Since many clinical manifestations of MVP can progress, all of our patients with this pathology were hospitalized in the cardiology department two to three times a year. A control echocardiographic study with Doppler ultrasound 6 months after complex treatment revealed clear positive dynamics in the course of the disease in 594 (84.5%) children. Among them, in 48 (8.1%) children, MVP was no longer registered, in 71 (11.9%) children, the degree of prolapse decreased, in 59 (9.9%) patients, cardiac arrhythmias disappeared and electrocardiographic study indicators normalized, in 6 (1%) patients no longer had mitral regurgitation.
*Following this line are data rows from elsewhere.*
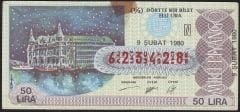 1980 9 Şubat Çeyrek Bilet - N Serisi - Bant izi var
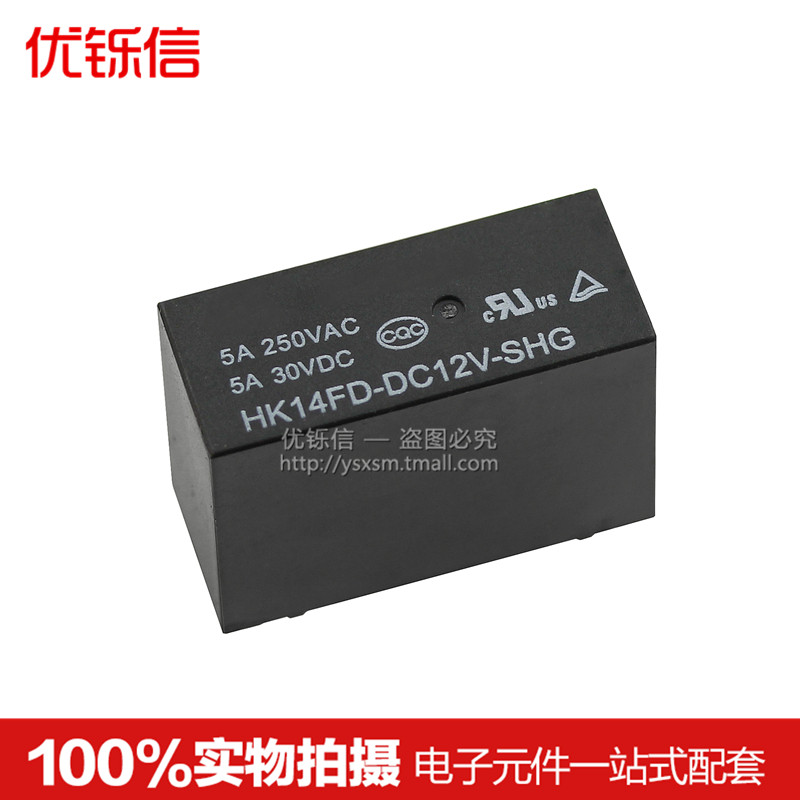 HK14FH DC12V SHG G2R 1 E 12VDC Rel&egrave; Di Alimentazione 16A 12VDC 8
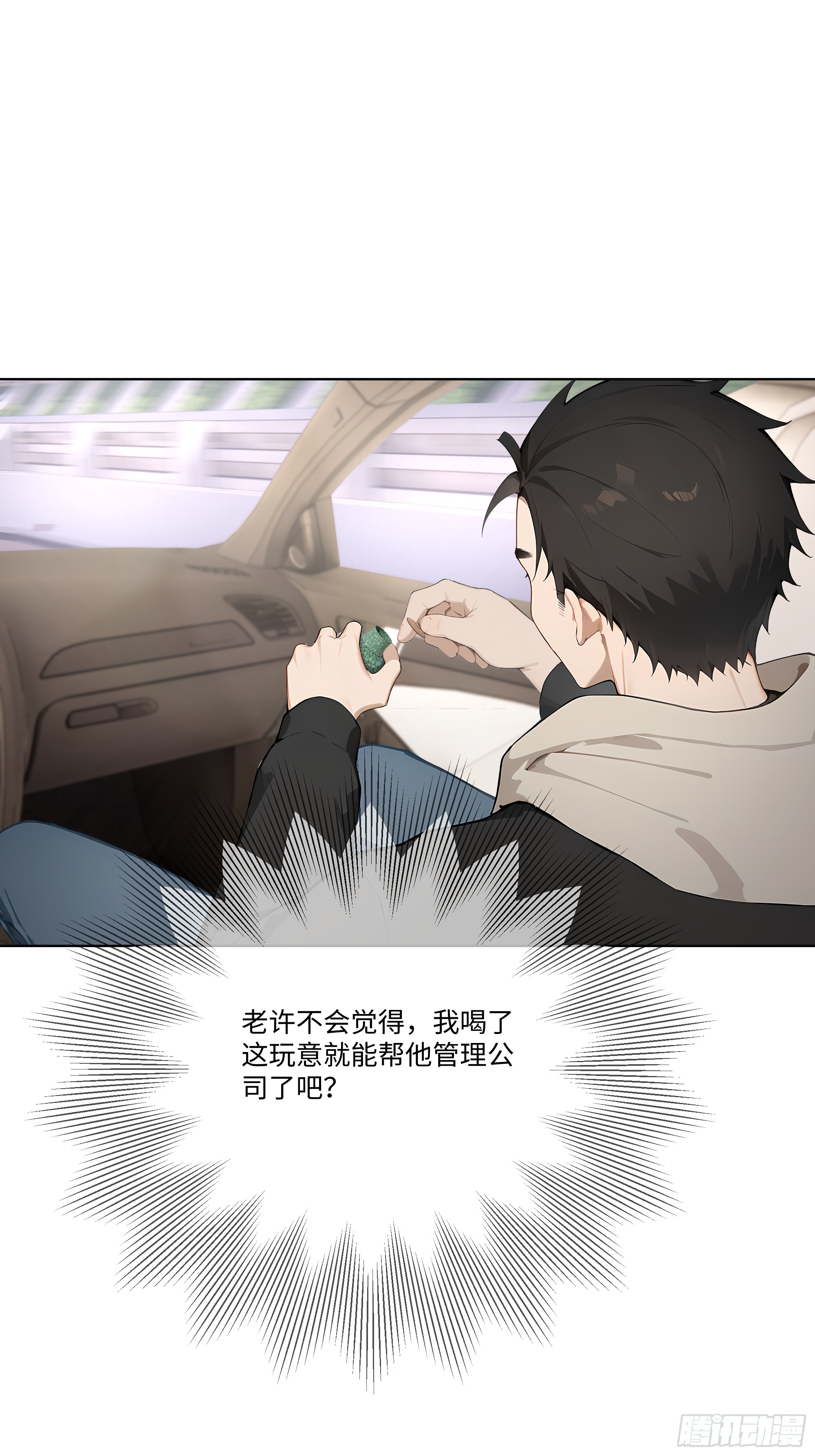 74 热搜(1/3)-第74话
Considering the existing possibility of complications from the cardiovascular system in the form of the formation of mitral valve insufficiency, secondary bacterial endocarditis, all patients with mitral valve prolapse were subsequently under medical supervision of a local pediatrician and cardio-rheumatologist, and children with an auscultatory form of MVP accompanied by regurgitation were required to undergo Antibacterial prophylaxis was carried out during dental procedures and surgical interventions.

The results of a comprehensive examination of children with MVP showed that in the occurrence of leaflet prolapse in these children, several factors were simultaneously important, the main ones being: inferiority of the connective tissue structures of the valve, minor anomalies of the valve apparatus, dysfunction of the autonomic nervous system, contributing to hemodynamic dysregulation. Timely diagnosis of MVP and a high probability of developing possible complications make it possible to recommend effective therapy, clinical observation and adequate physical activity for this group of children.

conclusions

1. Recently, there has been an increase in the number of children with MVP, especially teenage girls.
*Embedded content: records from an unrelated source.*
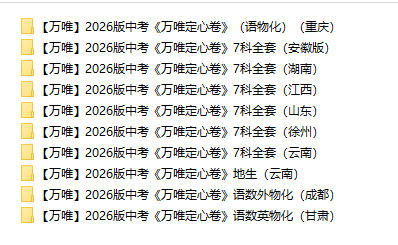 2026版《万唯中考定心卷》7科多省合集PDF电子版-学子资料社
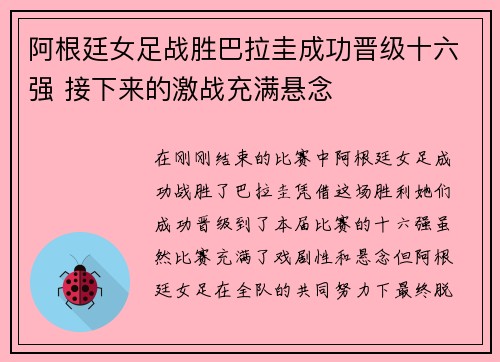 阿根廷女足战胜巴拉圭成功晋级十六强 接下来的激战充满悬念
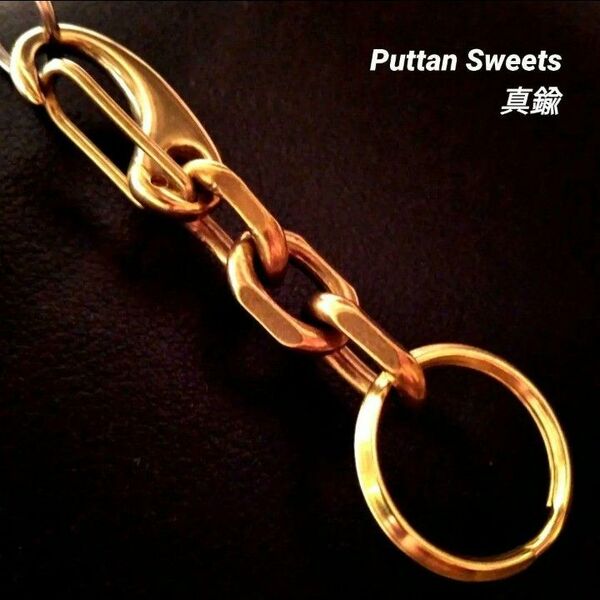 【Puttan Sweets】真鍮4サイドカットキーチェーン306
2. In the structure of all identified MVP in children, MVP of the 1st degree was significantly more common (86.6%), and less often - of the 2nd degree (11.5%), 3rd degree (1.5%), 4 th degree (0.4%).

3. Cardiac connective tissue dysplasia syndrome, represented by mitral valve prolapse, determines the presence of structural prerequisites for the formation of hemodynamic disorders in children.

4. As a result of the complex treatment, positive dynamics were observed in 84.5% of children with MVP, among whom MVP was no longer registered in 8.1%, the degree of leaflet prolapse decreased in 11.9% of those examined, heart rhythm disturbances completely disappeared in 9, 9%, and mitral regurgitation in 1% of children.

5. The prevalence of mitral valve prolapse among children dictates the need for effective therapeutic measures and clinical observation of this group of patients in order to prevent the progression of MVP and the occurrence of complications.

Frequently asked questions about mitral valve prolapse

What is the mitral valve?

This is a bicuspid valve that connects the left ventricle of the heart to the left atrium. It has an oval shape and consists of connective tissue cusps, which during systole prevent the reverse flow (regurgitation) of blood into the left atrium.

What is the danger of mitral valve prolapse?

Serious complications include severe arrhythmia and bacterial endocarditis.

Can mitral valve prolapse be cured?

It is impossible to cure MVP with drug therapy. A necessary condition is a change in lifestyle, eliminating stress and excessive stress.